Exactly as they appear, write the lines from the one containing "Colorful Name In" to the final line of the entries, leaving pictures out.

GIVEN ENTRIES START

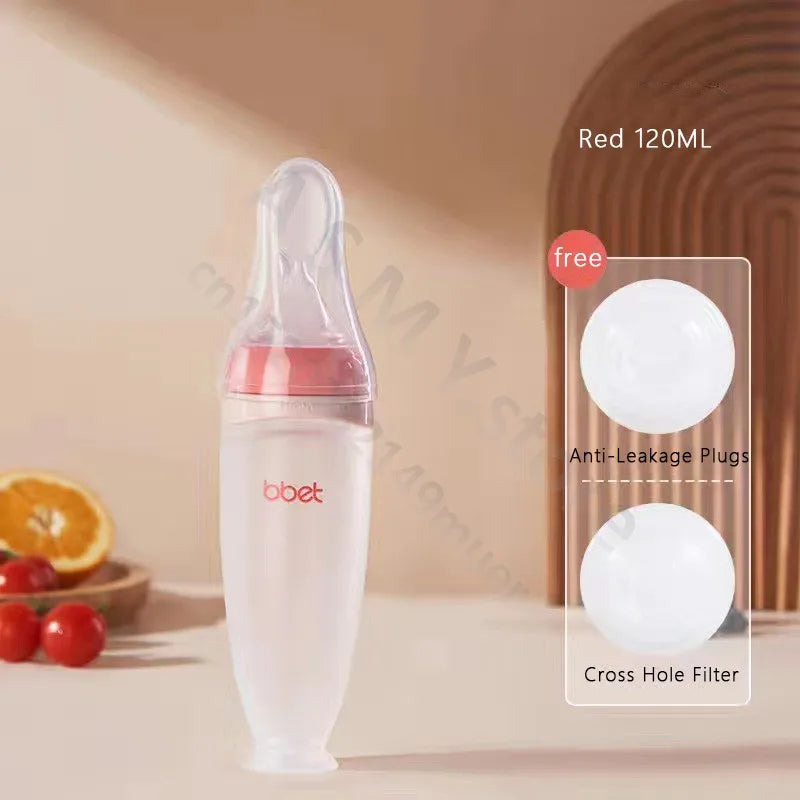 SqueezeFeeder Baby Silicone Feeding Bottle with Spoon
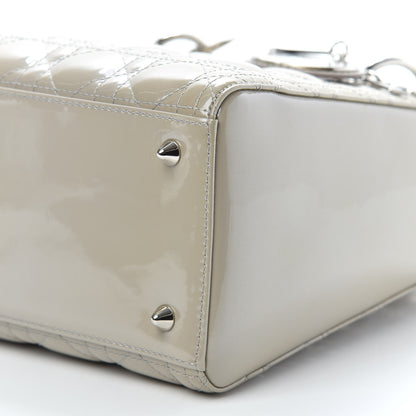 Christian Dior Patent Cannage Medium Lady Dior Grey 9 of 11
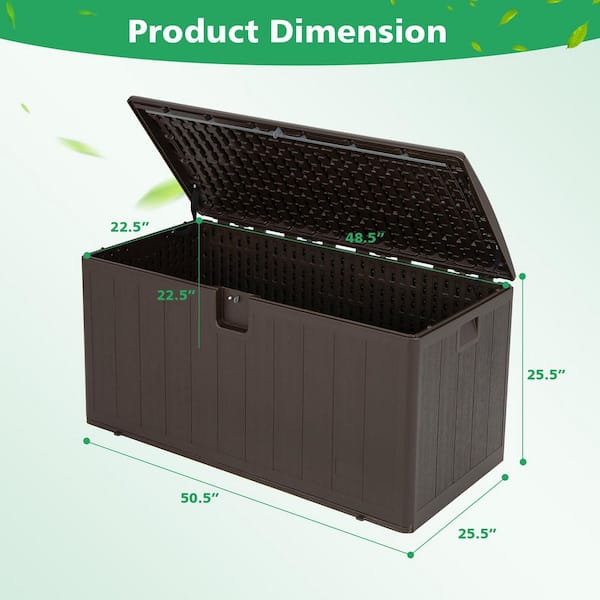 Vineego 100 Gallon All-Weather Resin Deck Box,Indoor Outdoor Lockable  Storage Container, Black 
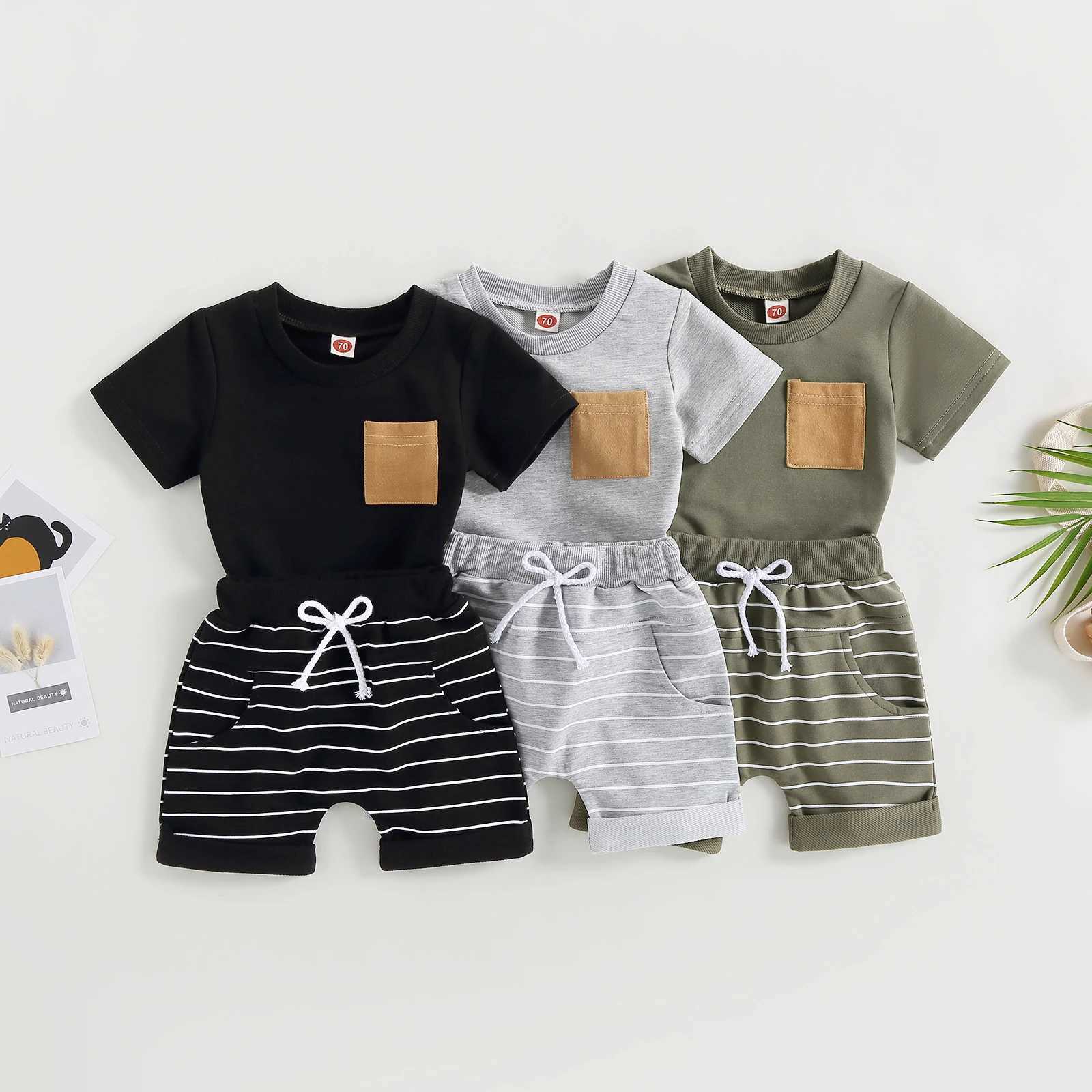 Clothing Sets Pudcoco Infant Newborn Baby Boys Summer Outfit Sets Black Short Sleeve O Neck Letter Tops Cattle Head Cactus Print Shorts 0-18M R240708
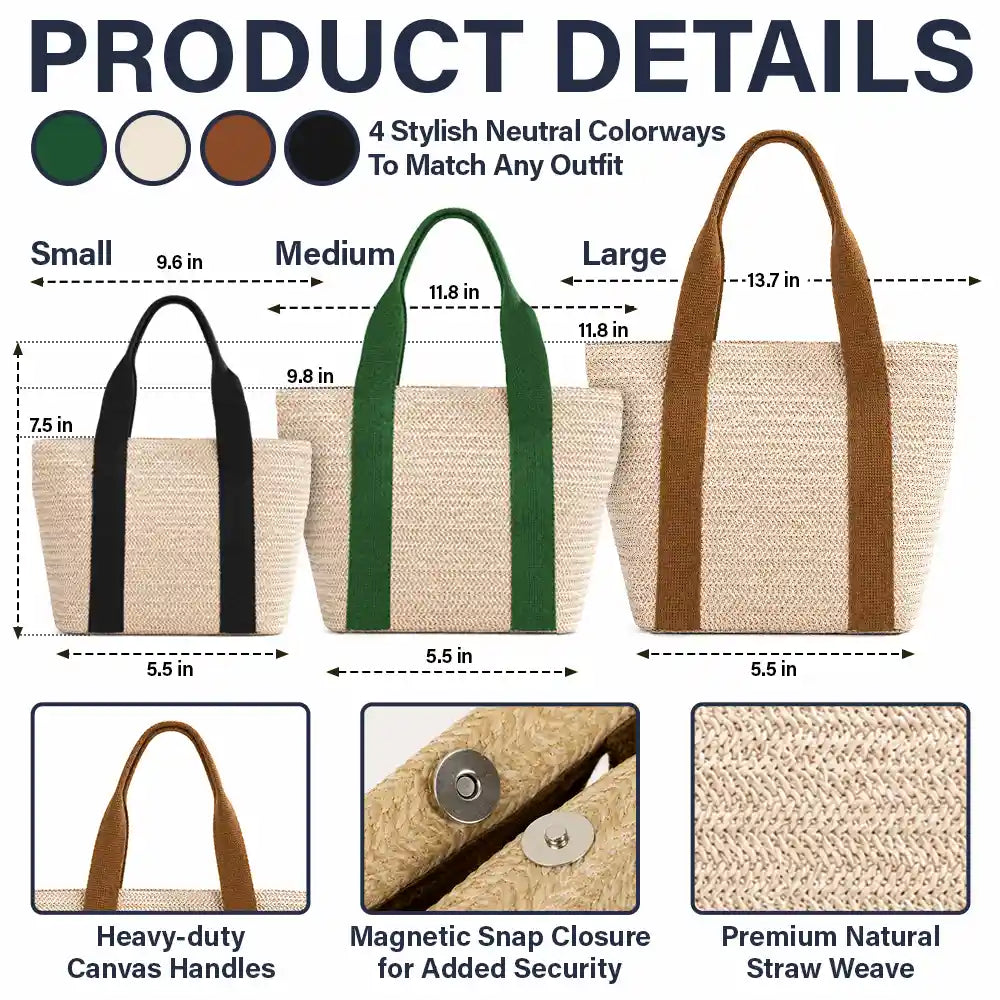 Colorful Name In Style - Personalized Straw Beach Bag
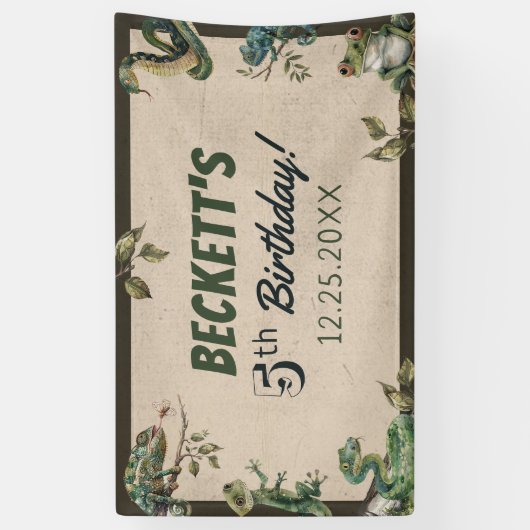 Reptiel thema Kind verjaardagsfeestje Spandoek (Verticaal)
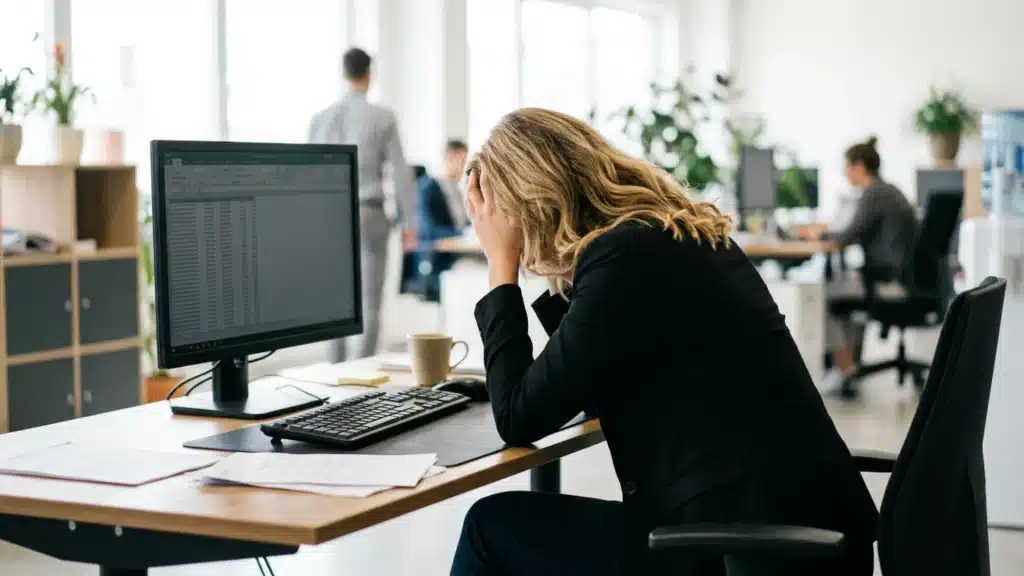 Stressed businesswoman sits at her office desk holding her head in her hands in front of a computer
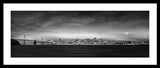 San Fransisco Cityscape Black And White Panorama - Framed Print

GIVEN ENTRIES END

**WRITTEN ANSWER:**
 Colorful Name In Style - Personalized Straw Beach Bag
 Reptiel thema Kind verjaardagsfeestje Spandoek (Verticaal)
 Stressed businesswoman sits at her office desk holding her head in her hands in front of a computer
 San Fransisco Cityscape Black And White Panorama - Framed Print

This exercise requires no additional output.